Anlaşılan, gazeteler mevzu
arıyorlar, bu sebeple de yalan yanlış duydukları her şeyi yazıyorlar.
Muhabirler, Kürdistan’daki vaziyeti, Beyoğlu’nda oturdukları rahat köşelerini terk
etmeksizin, ancak Ermenilerin görüş zaviyesine göre mütalâa ediyorlar.

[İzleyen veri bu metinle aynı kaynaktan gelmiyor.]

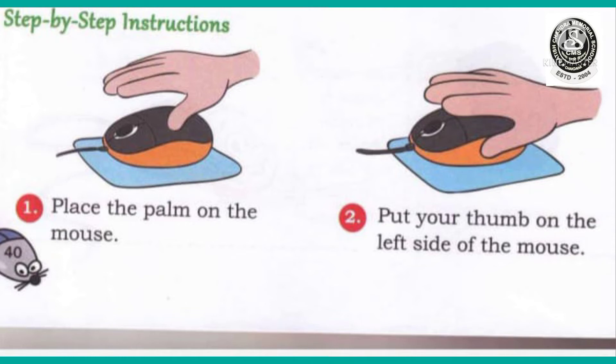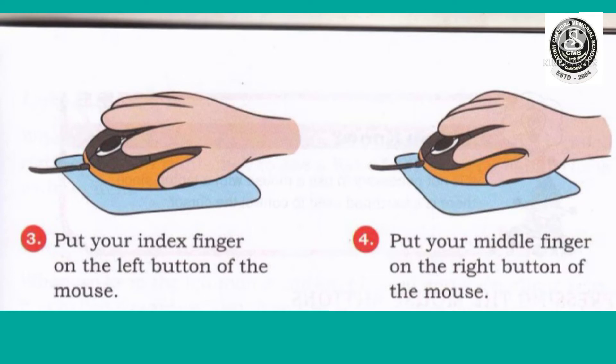Now we will see the next steps. Number 3: put your index finger on the left button of the mouse. You have to put your index finger on the left button of the mouse. And number 4: put your middle finger on the right button of the mouse. You have to follow these 4 steps, then you can use your mouse in the proper way.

Her ne
kadar paşalarımızdan bazılarının da ‘Kürt Kazakları’ ile teşkil ettiğimiz alaylara
itiraz ettikleri bir hakikat ise de, fikir, Erzurum’daki eski IV’üncü Ordu kumandanı
Zeki Paşa’ya ait olduğundan, bu meslektaşlarım kıskanmış olmalarına da delâlet
edebilir.
Rusya ile harp vukuunda, disiplinli
bir şekilde yetiştirilen bu Kürt alayları, bize çok büyük hizmetlerde bulunabilirler.
Ayrıca orduda öğrenecekleri "itaat" fikri, kendileri için de faydalı
olacaktır. Zabit unvanı verdiğimiz Kürt ağaları ise yeni mevkileriyle
övünecekler ve bir miktar zabt û rabt altına girmeğe gayret edeceklerdir. Çıraklık
devirlerini bu şekilde tamamlıyacak olan “Hamidiye Alayları” sonunda kıymetli
bir ordu haline geleceklerdir.
Kürt ağalarının bazılarının
çocuklarını, İstanbul’a getirip memuriyete yerleştirdiğim için de tenkid
edildiğimi biliyorum. Senelerdir Hıristiyan Ermeniler nazır mevkilerini işgal
etmişlerdir. Bundan sonra da kendi dinimizden olan Kürtleri kendimize
yaklaştırmakta ne gibi bir zarar olabilir? Aynı şekilde Bedirhanoğullarını
himaye ettiğim ve merkezde muhafaza ettiğim için, bunların memleketin huzurunu
bozacakları söylenerek de tenkid ediliyorum. Tabiî herkes istediği gibi
düşünmekte serbesttir!
Fakat ben kabul ettiğim Kürt
politikasında doğru yolda olduğum kanaatındayım. Vaziyeti mahallinde tetkik
eden Zeki Paşa, Kürt kazaklarından alaylar teşkil etmek fikrini ileri sürmek
suretiyle en muvafık yolu göstermiştir. Her ele aldığımız mesele tenkid
edildiğinden, sonunda tenkid edilmeğe alışmış bulunuyoruz.”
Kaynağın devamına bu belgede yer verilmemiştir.